Building a Secure Public API: Keys, OAuth, and Rate Limiting

Opening a public API is a trust exercise. You're giving external developers programmatic access to your users' data, and any security lapse can have catastrophic consequences. When we built Velocity's developer platform, we focused on three pillars: API keys with vel_ prefix and SHA-256 hashing, OAuth 2.0 with PKCE, and a sliding window rate limiter with tier-based limits.

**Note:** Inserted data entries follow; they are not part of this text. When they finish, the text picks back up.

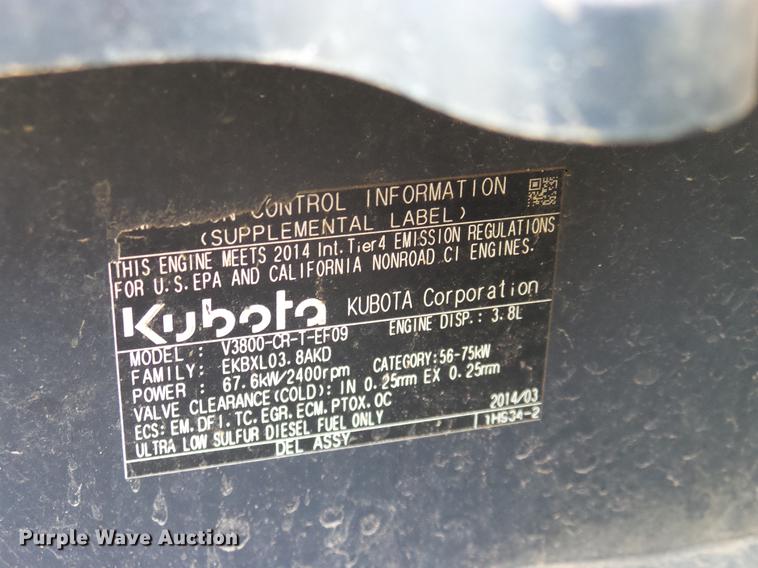 image for item DA6999 2014 Kubota SVL90-2 skid steer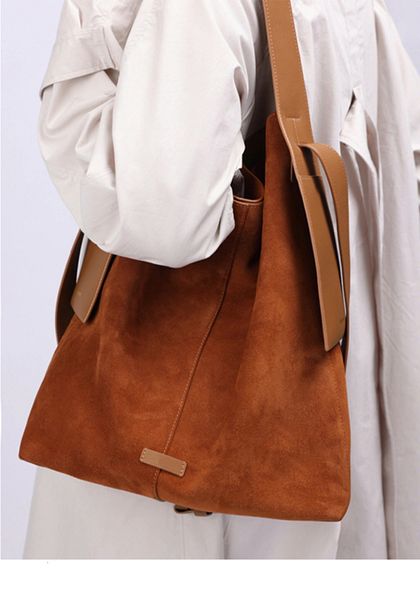 

evening bags high grade deerskin tooling large capacity commuting solid color one shoulder messenger bag style ita 230727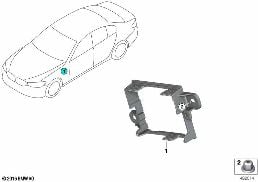 HOLDER ETHERNET SWITCHBOX diagram for BMW 5 Series G38 530Le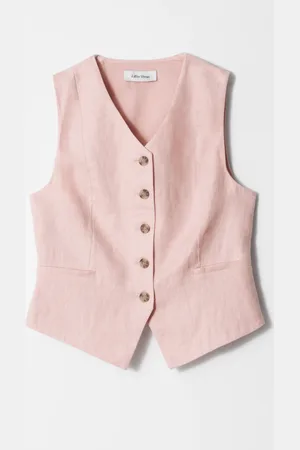 & OTHER STORIES Tailored Linen Waistcoat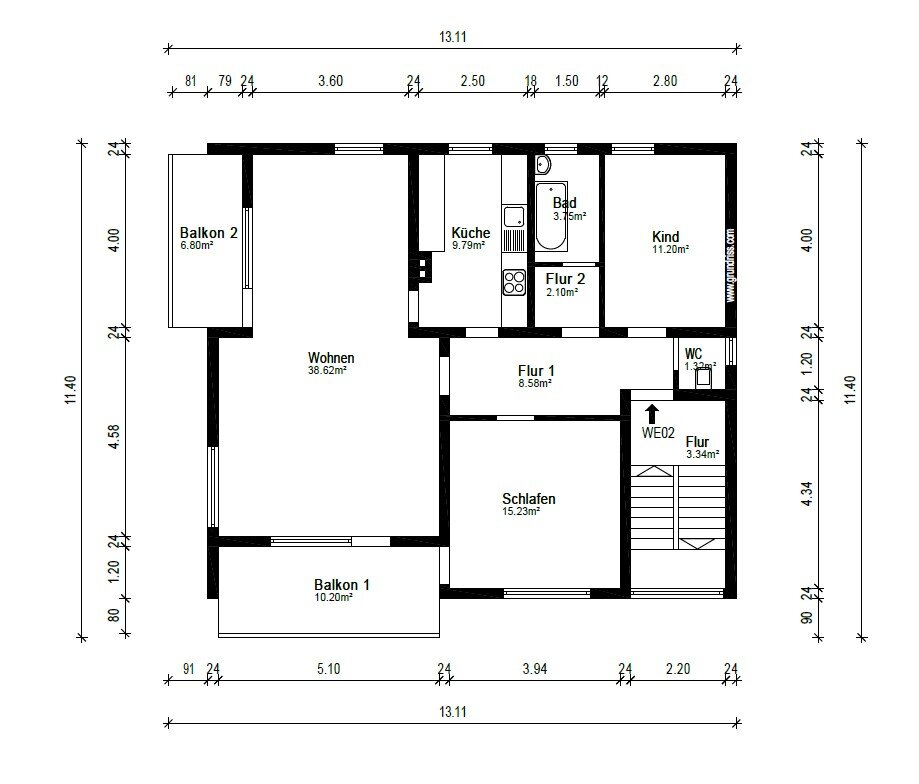 Mehrfamilienhaus zum Kauf 599.000 € 10 Zimmer 262,4 m²<br/>Wohnfläche 415 m²<br/>Grundstück Murr 71711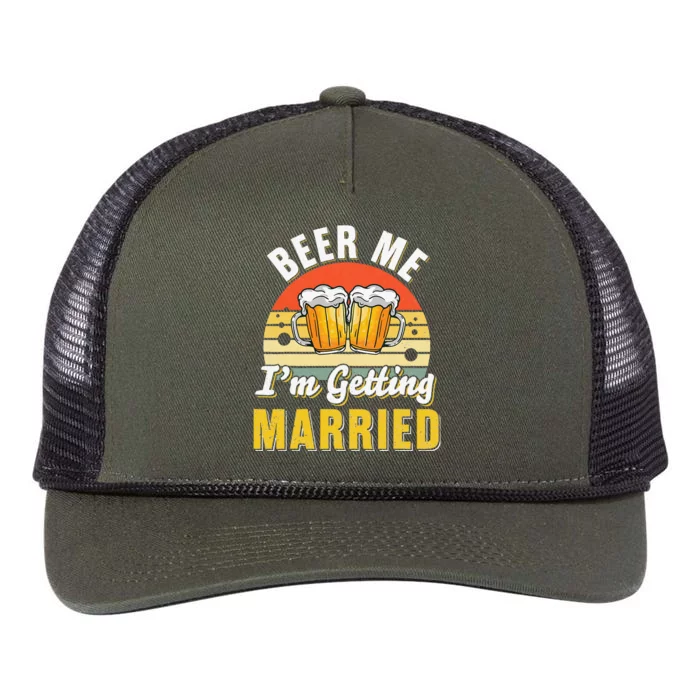 Groom Bachelor Supplies Party Wedding Retro Rope Trucker Hat Cap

API keys are the simplest auth method: generate a random 32-byte token, hash it with SHA-256, store the hash in the database, and return the plaintext key once. The vel_ prefix makes keys instantly recognizable and prevents accidental leaks (GitHub can scan for them). When a request arrives with an Authorization: Bearer vel_... header, we hash the incoming key and look up the hash. No plaintext keys ever touch the database.

OAuth 2.0 is the standard for third-party integrations. We implemented the authorization code flow with PKCE (Proof Key for Code Exchange) to protect against interception attacks. The flow is: (1) client redirects user to /oauth/authorize with code_challenge, (2) user consents and we generate an authorization code, (3) client exchanges code + code_verifier for access/refresh tokens. PKCE ensures only the original client can redeem the code.

Scopes control what each token can access. We support 15+ scopes like issues:read, issues:write, projects:read, etc. The GraphQL context includes a scopes array, and resolvers call requireScope('issues:write') to enforce permissions. Wildcard scopes (issues:*) and admin scopes (admin) are also supported for internal tooling.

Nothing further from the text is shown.